The average fan’s exaggerated sense of awareness about their teams is understandably of great irritation to those whose job it is to be truly informed on the matter, local beat writers. I follow and mostly read them all. Main drawback is that when Josh McRoberts is listed questionable for a game by Spoelstra at midday, my Twitter feed reacts as though a Kardashian has tested positive for pubic crab lice on live TV.

Ethan Skolnick is the Miami Herald’s beat writer covering the Heat, is very accessible on social media and hosts a radio show. For me, his likability outweighs his lefty politics [depressingly par for the NBA course]. I get perverse pleasure from the fact that he cannot help but constantly remind his readers and listeners that most things they believe about the NBA and Miami Heat are wrong.
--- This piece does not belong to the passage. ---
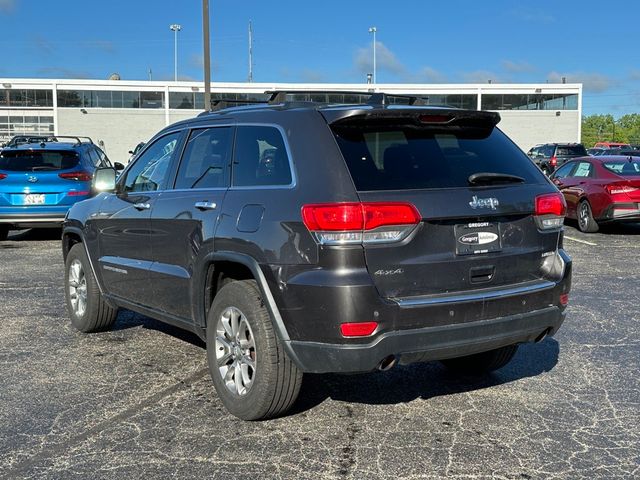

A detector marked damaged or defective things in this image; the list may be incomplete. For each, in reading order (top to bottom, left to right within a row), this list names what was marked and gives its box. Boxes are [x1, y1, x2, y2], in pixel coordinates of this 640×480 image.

cracked asphalt [0, 223, 636, 478]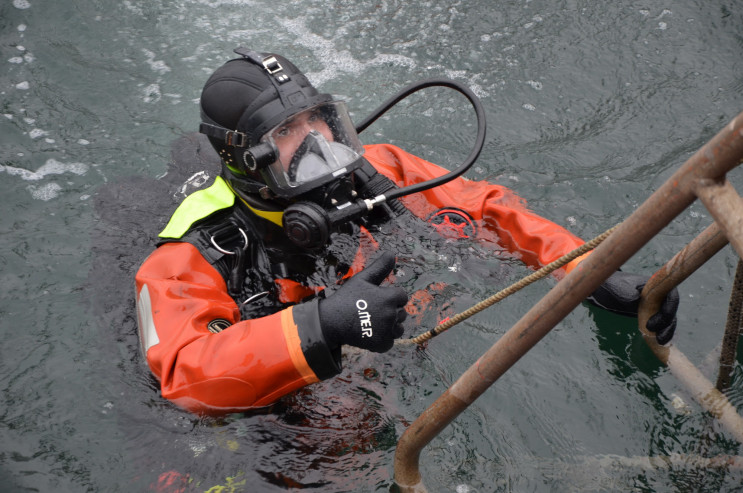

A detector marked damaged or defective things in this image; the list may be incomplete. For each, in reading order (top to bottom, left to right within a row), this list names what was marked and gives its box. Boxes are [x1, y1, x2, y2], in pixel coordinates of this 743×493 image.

Sometimes it feels as though we are just one synthetic drug use away from hearing the TRUTH about the NBA from Skolnick, but its not something I root for since he’s got a youngin at home.

In a recent column, Skolnick got wind[hourst] of Heat fans frolicking in Northeast Ohio schadenfreude and was determined to nip it in the bud, an excerpt.

For reeling Heat fans, especially the most active on social media, there was a welcome distraction this week: the seeming chaos in Cleveland….

[JC: Skolnick then lists every problem the Heat have encountered since the day Lewis Schaffel was born through Deng’s eye poke and indexed each incident by year]….

So catch yourself before laughing too hard at Cleveland.

So it is with proponents of Nanny State politics. Inappropriate fun was detected and the offenders chastised. Their demagogic hero no doubt would approve of the efforts to promote the ‘right kind of cheering.’ Its kinda like being on the ‘right side of history.’

A little perspective. The Heat are going through a very bad stretch with many road games and injuries. Then, in the midst of our gloom, the basketball gods saw fit to throw us a rather large bone.

The franchise we most wish ill is showing structural cracks. LeBron James just got his coach fired, while pretending otherwise. Comical after he undermined the rookie coach to the point that only the corpse remained to be moved in year two. Blatt was moved for yet another rookie coach, who was part of the Blatt attack. The Love trade and subsequent max deal, is now seen as a mistake as Wiggins develops nicely under a rookie contract. The conflict with James business interests, through his best friend agent, vs what is best for the Cavaliers team have been exposed by the Thompson signing and Jackson overtures.

I thought it would take a James injury and/or the inevitable Irving re-injury [a Rose by any other name …] to see Cleveland’s championship window start to close. This way is way better.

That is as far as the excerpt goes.